Capítulo 10 –
Uma agonia. A agonia. Os lábios de Lucas estavam manchados como se tivesse acabado de beber uma garrafa de vinho. Os olhos vidrados, quase brancos, estavam observando o ser que entrara pela porta e que segurava uma arma. A arma que fora disparada repentinamente em seu peito, em seu coração.
- Você queria um coração para Thalita – disse a pessoa que entrara pela porta – Agora você é quem precisa de um.
Lucas elevou sua mão direita ao lado do peito esquerdo, olhou para Aline com tristeza e disse lentamente:
- Me... Me perdoa... Meu amor...
E então, o garoto desabou ao chão com os olhos abertos. E assim permaneceu.
Fred ainda agonizava com a punhalada que levara nas costelas, mas seu maior medo – além de morrer – era ser preso novamente. Porque o ser que estava à sua frente, apontando a arma diretamente em sua cabeça, era nada mais nada menos que Carlos Henrique, o destemido policial que aparentava ter sete vidas e se recusava a morrer naquele lugar.
- Você não morre, não? – Fred perguntou com ênfase num sorriso torto. Naquele momento já não se preocupava tanto em estar naquela situação, pois já sabia que não ia se dar bem.
- Seu desgraçado – Carlos sussurrou quase sem forças. Suas vestes estavam rasgadas, sujas e repletas de mato, grama e alguns pequenos galhos secos. O cansaço era evidente e os ferimentos tomavam sua testa e seu braço esquerdo – Você me enganou, seu filho da puta... Eu vou matar você... Vou matar você... VOU MATAR VOCÊ!
Fred continuava com o sorriso exposto em seu rosto e não levava as ameaças do tenente a sério.
Carlos levou seus olhos às duas garotas e se impressionou. Percebeu que estavam vivas, que Fred havia mentido todo esse tempo e que Lucas queria matar Thalita. Porém, não sabia o motivo.
- O que aconteceu? Por que esse garoto queria matar Thalita? – ele perguntou. Não estava com pressa de atirar em Fred antes de saber toda a verdade.

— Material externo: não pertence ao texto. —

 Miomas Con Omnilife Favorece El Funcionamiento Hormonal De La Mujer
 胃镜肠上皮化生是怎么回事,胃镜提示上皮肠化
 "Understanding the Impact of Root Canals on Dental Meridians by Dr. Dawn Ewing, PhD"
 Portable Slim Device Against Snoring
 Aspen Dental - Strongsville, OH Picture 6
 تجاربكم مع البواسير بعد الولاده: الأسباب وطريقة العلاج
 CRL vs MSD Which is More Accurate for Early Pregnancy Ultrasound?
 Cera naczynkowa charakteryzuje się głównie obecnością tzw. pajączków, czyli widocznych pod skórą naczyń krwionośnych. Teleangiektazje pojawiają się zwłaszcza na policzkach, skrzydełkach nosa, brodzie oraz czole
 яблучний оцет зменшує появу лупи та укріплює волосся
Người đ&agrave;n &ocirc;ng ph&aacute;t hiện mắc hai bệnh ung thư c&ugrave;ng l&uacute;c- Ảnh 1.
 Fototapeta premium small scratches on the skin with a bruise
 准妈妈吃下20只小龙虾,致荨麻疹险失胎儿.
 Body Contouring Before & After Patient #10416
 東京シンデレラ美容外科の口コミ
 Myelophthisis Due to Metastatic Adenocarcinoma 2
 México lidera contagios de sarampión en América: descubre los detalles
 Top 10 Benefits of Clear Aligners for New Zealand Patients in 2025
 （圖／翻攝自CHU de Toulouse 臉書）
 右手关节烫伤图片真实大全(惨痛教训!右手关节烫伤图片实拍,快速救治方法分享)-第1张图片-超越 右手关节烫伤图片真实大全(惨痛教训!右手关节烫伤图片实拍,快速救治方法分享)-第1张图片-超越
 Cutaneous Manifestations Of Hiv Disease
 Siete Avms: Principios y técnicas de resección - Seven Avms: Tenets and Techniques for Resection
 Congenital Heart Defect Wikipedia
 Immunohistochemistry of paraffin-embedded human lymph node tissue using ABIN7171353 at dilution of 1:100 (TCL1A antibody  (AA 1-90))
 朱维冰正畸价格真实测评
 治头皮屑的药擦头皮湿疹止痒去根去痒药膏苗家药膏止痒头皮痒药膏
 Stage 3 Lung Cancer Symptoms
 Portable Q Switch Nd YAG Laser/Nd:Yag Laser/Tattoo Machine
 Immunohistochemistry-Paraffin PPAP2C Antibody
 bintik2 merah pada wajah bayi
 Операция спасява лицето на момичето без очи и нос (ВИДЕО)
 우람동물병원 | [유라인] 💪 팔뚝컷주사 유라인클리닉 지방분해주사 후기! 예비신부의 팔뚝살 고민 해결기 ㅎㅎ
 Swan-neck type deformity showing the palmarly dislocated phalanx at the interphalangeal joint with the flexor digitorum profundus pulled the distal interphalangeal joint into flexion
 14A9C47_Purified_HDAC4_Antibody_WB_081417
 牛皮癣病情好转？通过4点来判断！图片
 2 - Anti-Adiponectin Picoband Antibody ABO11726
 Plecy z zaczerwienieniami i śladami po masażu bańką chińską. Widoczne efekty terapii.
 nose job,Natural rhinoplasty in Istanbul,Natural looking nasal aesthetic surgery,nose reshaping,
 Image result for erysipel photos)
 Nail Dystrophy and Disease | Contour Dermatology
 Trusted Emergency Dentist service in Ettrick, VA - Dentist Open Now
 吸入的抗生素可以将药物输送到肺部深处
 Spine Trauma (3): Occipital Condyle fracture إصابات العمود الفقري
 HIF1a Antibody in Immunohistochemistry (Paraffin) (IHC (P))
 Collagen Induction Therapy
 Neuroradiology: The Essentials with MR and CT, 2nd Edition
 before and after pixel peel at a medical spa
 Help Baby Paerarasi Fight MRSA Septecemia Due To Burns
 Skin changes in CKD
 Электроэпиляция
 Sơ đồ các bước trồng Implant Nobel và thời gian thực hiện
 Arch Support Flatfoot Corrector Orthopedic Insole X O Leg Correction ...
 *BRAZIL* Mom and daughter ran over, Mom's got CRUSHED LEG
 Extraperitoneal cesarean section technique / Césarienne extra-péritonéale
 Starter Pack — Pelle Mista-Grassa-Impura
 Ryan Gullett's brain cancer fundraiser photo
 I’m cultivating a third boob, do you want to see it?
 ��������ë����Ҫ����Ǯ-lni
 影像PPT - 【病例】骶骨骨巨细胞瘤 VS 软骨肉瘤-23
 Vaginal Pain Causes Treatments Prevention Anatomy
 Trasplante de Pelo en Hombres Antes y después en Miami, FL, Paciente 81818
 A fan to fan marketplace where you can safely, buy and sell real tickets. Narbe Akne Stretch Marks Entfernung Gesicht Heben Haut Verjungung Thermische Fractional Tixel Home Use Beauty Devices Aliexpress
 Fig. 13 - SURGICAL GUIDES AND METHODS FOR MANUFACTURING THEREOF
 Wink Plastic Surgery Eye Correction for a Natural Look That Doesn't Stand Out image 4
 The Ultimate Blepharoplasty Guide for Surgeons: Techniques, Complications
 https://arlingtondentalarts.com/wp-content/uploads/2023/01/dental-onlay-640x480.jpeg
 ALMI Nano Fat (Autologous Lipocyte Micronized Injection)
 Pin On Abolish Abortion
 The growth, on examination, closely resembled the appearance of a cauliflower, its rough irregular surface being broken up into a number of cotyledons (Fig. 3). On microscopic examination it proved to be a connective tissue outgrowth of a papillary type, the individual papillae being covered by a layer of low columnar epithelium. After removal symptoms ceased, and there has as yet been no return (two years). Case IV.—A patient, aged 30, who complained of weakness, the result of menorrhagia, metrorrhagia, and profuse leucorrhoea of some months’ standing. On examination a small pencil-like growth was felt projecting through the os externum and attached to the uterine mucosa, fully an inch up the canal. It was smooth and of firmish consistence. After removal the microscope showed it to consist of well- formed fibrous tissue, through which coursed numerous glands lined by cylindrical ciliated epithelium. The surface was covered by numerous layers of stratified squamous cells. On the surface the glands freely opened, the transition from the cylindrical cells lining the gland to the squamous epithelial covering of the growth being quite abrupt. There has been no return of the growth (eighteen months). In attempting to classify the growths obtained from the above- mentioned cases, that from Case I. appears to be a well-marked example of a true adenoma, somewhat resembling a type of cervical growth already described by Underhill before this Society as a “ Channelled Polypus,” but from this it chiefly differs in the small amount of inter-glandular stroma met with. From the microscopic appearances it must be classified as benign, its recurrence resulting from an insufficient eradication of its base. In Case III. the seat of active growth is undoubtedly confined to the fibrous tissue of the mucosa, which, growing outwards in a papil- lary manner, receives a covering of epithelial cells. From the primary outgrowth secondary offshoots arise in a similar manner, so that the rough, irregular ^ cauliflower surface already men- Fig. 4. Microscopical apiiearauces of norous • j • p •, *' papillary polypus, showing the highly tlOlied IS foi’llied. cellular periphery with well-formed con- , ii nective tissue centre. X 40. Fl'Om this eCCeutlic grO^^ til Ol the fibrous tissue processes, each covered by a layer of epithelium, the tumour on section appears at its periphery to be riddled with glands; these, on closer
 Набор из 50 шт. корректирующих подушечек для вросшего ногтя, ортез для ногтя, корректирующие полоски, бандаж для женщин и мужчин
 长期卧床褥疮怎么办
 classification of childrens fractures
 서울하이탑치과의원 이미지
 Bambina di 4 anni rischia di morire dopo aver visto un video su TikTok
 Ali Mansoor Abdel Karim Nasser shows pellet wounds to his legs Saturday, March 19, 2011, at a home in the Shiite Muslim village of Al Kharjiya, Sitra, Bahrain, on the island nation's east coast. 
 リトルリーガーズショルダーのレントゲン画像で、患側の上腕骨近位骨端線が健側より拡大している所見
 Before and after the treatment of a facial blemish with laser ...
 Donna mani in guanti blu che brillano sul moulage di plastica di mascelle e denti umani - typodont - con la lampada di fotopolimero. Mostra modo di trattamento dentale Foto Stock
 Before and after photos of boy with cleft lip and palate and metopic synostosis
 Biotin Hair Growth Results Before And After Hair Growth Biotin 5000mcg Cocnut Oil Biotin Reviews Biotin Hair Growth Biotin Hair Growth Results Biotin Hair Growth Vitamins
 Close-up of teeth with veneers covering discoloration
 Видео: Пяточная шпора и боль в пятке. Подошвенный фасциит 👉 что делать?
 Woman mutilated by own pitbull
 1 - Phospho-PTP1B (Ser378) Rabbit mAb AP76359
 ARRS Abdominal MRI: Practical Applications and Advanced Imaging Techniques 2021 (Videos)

- Ele queria matá-la – respondeu -, e eu não queria deixar isso acontecer. Eu não queria que Thalita morresse...
- Por que não?
- Porque – Fred começou, mas parou por alguns segundos. Porém, percebeu que estava encurralado e agora toda a verdade poderia ser dita – Thalita é a minha irmã.
Ao ouvir tal revelação, Carlos começou a tossir exaustivamente. Claramente, não estava acreditando nas palavras do garoto. Mas também sabia que ele não poderia mentir mediante toda aquela situação. Agora as coisas pareciam se encaixar: O motivo pelo qual Fred mentira todo esse tempo sobre a possível morte de Thalita, sobre o corpo que nunca fora encontrado...
Mas... O que Aline teria a ver com tudo aquilo?
Thalita era irmã de Fred, e o que Aline era? Por que eles não a mataram? Por que estariam guardando-a num cativeiro?
- E a Aline? – Carlos não pensou em perguntar. Queria saber de absolutamente tudo – O que ela tem a ver com tudo isso? Pra que vocês estavam refugiando-a aqui?
Fred pensou por alguns segundos e disse:
- Isso foi um pedido do meu pai. Eu não sei o motivo pelo qual ela continua Viva e segura aqui. Marcos pediu para que eu não a matasse, mas que ajudasse a salvá-la. Ela tem um problema no coração e precisa rapidamente de um transplante... Lucas ia matar Aline, retirar seu coração e colocar na minha irmã... Ele só queria salvá-la... Mas eu não ia permitir que isso acontecesse... E ai você entrou e o matou...
- Seu pai queria proteger a Aline – Carlos pensou em voz alta – Então ele deve guardar algum segredo sobre ela, e não te contou sobre nada? Ou você está mentindo para mim, Fred? Lembre-se de que acabou para você. Não há escapatória.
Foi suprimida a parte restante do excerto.